Editorial Memorandum: Citizens United and Fair Elections
- Dale Eisman
A Supreme Court decision in Citizens United v. Federal Election Commission (FEC) could be announced as early as tomorrow, November 3, and is expected to expand the role of independent spending in American elections. In Citizens United – a case that originally challenged whether the provisions of the Bipartisan Campaign Reform Act (BCRA) limiting outside groups’ spending should also apply to pay-per-view movies — the Court appears poised to overreach and open a new door for the deepest-pocketed players to spend money on campaigns to elect or defeat candidates.
Possible Outcomes in Citizens United
All signs indicate the U.S. Supreme Court has a slim majority in support of rolling back restrictions on corporate and union spending in the upcoming decision in Citizens United. Such a move would come as no surprise for the Roberts Court, as the conservative majority has moved steadily toward deregulation of campaigns over the past two years with its Wisconsin Right to Life (2007) and Davis (2008) decisions.
There are at least three possible outcomes in the Citizens United case:
1. The Court could rule on narrow grounds that BCRA’s electioneering communications ban does not apply to on-demand movies. This is unlikely, given the Court’s highly unusual move of carrying the case over to the fall term and inviting argument on broader issues.
2. The Court could strike down BCRA’s electioneering communications ban on the grounds that it unconstitutionally vague or over-burdensome, or some other narrow rationale, thereby reversing its 2003 decision in McConnell v. FEC.
3. The Court could strike down BCRA’s electioneering communications ban on the sweeping grounds that it is unconstitutional to limit political spending by corporations and/or unions, thereby reversing its 1990 decision in Austin v. Michigan State Chamber of Commerce.

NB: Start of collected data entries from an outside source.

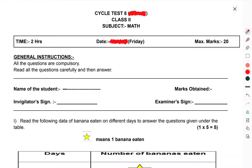Now we will talk about class 2nd subject mathematics cycle test 8. This is class 2nd maths. Time is 2 hours. Maximum marks is 20. Let's start with questions.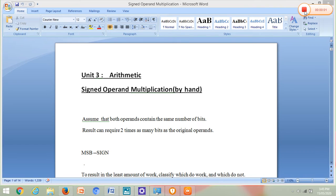Good morning all. I am Professor Sonali Surve from Diyapatil College of Engineering, Kolapur. Today we are going to see Section 3, Unit 3 of Computer Organization and Architecture, which is Arithmetic Operation. We had already seen how to perform addition and subtraction in computers. Now today we are going to see how to perform multiplication in computers.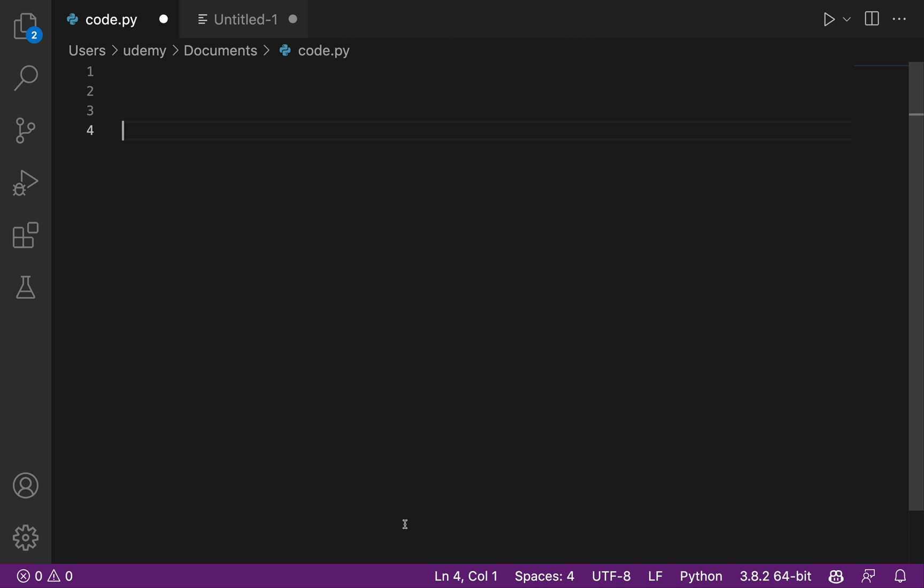Welcome in this video where we are going to have some fun with GitHub Copilot. So in this video, we are going to play with series, for example, the Fibonacci series, geometric series, and arithmetic series, and we'll see if GitHub Copilot can be helpful there.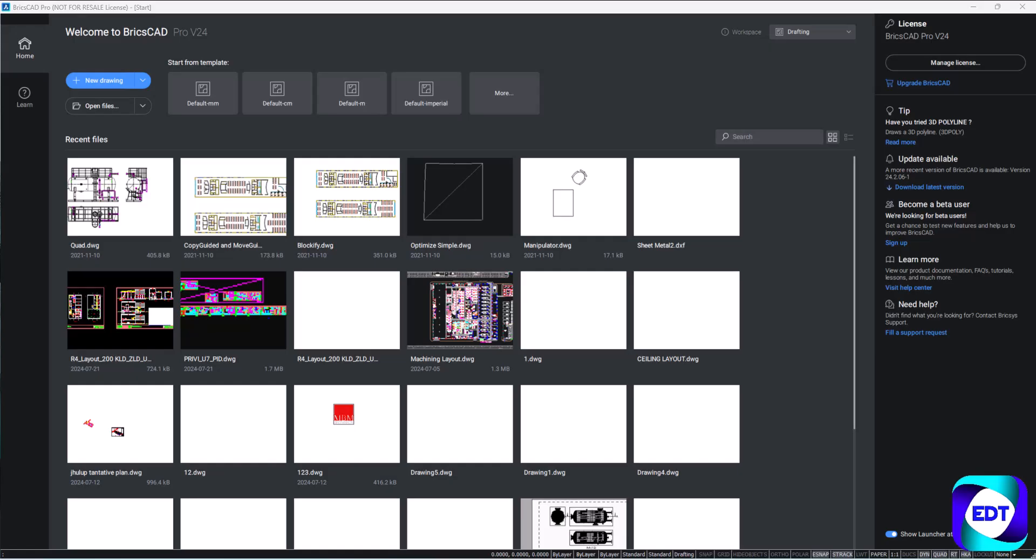Hello everyone, welcome to the official channel of Actual Design Technologies. In this video we will talk about the BricsCAD licensing deactivation and activation process. If you are already a BricsCAD customer or you are already using BricsCAD and want to transfer the license from one system to another system, there are very simple steps you can follow.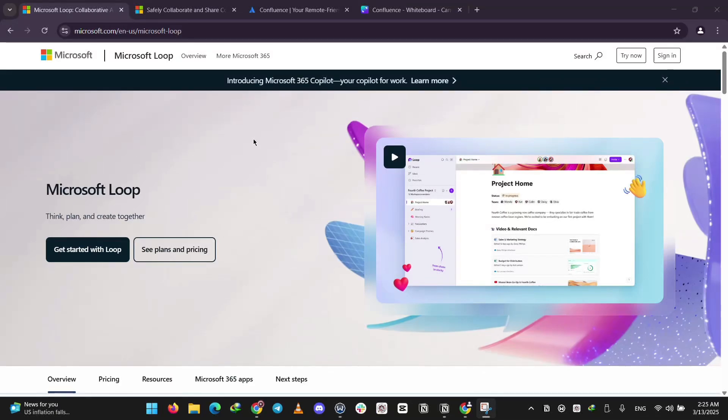Hi everyone, today we're comparing three popular collaboration tools: Microsoft Loop, SharePoint, and Confluence. We're going to explain what each one does and see how they stack up to help you pick the right one for your team.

A broad holding that corporations and unions have a constitutional right to unlimited “political speech” (i.e., spending) would lead to subsequent challenges to the federal ban on corporate and union political spending in effect since 1947, the federal ban on corporate and union campaign contributions in effect since 1907, and similar laws in more than 20 states.
A narrower ruling would continue the path toward deregulation, albeit on a slower pace, but still have the effect of allowing more corporate and union money into the system and encouraging more direct challenges to remaining regulations in the future.
Policy Options for Dealing with Citizens United
With a decision for the plaintiffs in Citizens United, an already untenable situation will be made worse. The only comprehensive option available to change the rules of the game in Washington, D.C. would be to embrace a small donor/public funding of elections model like the Fair Elections Now Act (S. 752, H.R.1826) that empowers grassroots campaigns and allows candidates to run highly competitive races without relying on wealthy special interests. The incentives in this model would be to vastly expand the donor base available to candidates, increasing their capacity to compete with outside money in a post-Citizens United environment.
Three defensive legislative options are being discussed in Washington, D.C. Two of these are fairly limited responses, at best, and the other would take us in the wrong direction. The two limited responses are to narrow the Court’s ruling as much as possible by amending BCRA or the earlier laws banning corporate and union spending in elections, or requiring affirmative shareholder approval of political spending by corporations.
What Congress ought not to take up in the wake of the Citizens United decision is to raise contribution limits on PACs and individuals. That would further exacerbate the problem of money in politics.
While some of these options may constrain spending at the margins, new avenues for greater corporate political spending would remain open, and be given a fresh stamp of legitimacy by the Supreme Court. The Citizens United decision, combined with a string of other bad campaign finance rulings, will most likely signal the end of a purely regulatory regime as a viable approach to meaningful campaign finance reform.
More significantly, the fear of unlimited corporate political spending will fuel a rapidly escalating fundraising arms race. Elected officials will feel compelled to spend more and more of their time raising money, thereby further distracting Congress from the pressing issues of the day, creating fear of political reprisal for unpopular votes, expanding conflicts of interest, and further undermining the public’s confidence in government’s ability to act in the public interest. Over the long term, undoing the Court’s deregulation of political spending would require passage of a constitutional amendment (or a change in the composition of the Court).
The Best Option: Fair Elections Now Act
The only viable policy option on the table that will fundamentally change the playing field is the Fair Elections Now Act. The bill would allow candidates to voluntarily opt out of the escalating fundraising race and run vigorous campaigns relying on small contributions and limited public funding. Sponsored by Sen. Dick Durbin (D-Ill.) and Reps. John Larson (D-Conn.) and Walter Jones (R-N.C.) the bi-cameral legislation has 110 cosponsors in the House. In addition, a broad coalition of issue and constituency groups is backing the legislation.
A decision for the plaintiffs in Citizens United will make the Fair Elections Now Act more attractive to members of Congress, not less. Without a strong, voluntary public financing of elections system, candidates will be sentenced to a broken campaign finance system requiring that they rely on contributions from people with business before them. The path forward must be small donor democracy, not corporate democracy.